WORK INSTRUCTION: Reproduce verbatim only the lines from the one containing "Minou abandonné à emerainville" through the last line below, both included.

RECORDS:
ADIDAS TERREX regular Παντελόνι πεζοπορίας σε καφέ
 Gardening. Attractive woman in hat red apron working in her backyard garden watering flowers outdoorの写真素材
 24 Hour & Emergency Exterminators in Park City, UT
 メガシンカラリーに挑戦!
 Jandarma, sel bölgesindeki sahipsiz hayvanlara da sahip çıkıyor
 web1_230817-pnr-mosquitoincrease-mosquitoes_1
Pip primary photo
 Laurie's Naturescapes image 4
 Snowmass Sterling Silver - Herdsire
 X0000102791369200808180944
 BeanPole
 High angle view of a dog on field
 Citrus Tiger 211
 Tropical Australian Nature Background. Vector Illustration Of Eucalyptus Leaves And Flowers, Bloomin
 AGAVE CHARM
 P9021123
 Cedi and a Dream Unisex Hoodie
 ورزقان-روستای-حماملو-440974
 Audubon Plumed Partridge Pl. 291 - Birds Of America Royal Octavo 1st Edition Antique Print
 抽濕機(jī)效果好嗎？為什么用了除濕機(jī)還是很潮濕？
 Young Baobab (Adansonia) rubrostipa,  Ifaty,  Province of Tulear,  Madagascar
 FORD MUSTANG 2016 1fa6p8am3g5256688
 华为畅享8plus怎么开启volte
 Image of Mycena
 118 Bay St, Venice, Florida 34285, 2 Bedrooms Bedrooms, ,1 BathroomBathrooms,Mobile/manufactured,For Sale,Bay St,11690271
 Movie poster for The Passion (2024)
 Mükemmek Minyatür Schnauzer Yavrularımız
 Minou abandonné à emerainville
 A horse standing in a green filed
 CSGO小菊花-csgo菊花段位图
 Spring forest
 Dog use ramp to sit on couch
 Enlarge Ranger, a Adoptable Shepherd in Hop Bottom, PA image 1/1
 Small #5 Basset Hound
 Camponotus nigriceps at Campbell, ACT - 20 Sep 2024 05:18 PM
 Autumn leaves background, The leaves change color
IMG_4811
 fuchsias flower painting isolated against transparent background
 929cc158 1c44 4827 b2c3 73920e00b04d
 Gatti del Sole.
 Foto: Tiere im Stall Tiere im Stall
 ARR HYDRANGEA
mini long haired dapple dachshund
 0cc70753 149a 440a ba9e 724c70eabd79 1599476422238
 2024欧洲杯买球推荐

RESULT OF THIS TASK:
 Minou abandonné à emerainville
 A horse standing in a green filed
 CSGO小菊花-csgo菊花段位图
 Spring forest
 Dog use ramp to sit on couch
 Enlarge Ranger, a Adoptable Shepherd in Hop Bottom, PA image 1/1
 Small #5 Basset Hound
 Camponotus nigriceps at Campbell, ACT - 20 Sep 2024 05:18 PM
 Autumn leaves background, The leaves change color
IMG_4811
 fuchsias flower painting isolated against transparent background
 929cc158 1c44 4827 b2c3 73920e00b04d
 Gatti del Sole.
 Foto: Tiere im Stall Tiere im Stall
 ARR HYDRANGEA
mini long haired dapple dachshund
 0cc70753 149a 440a ba9e 724c70eabd79 1599476422238
 2024欧洲杯买球推荐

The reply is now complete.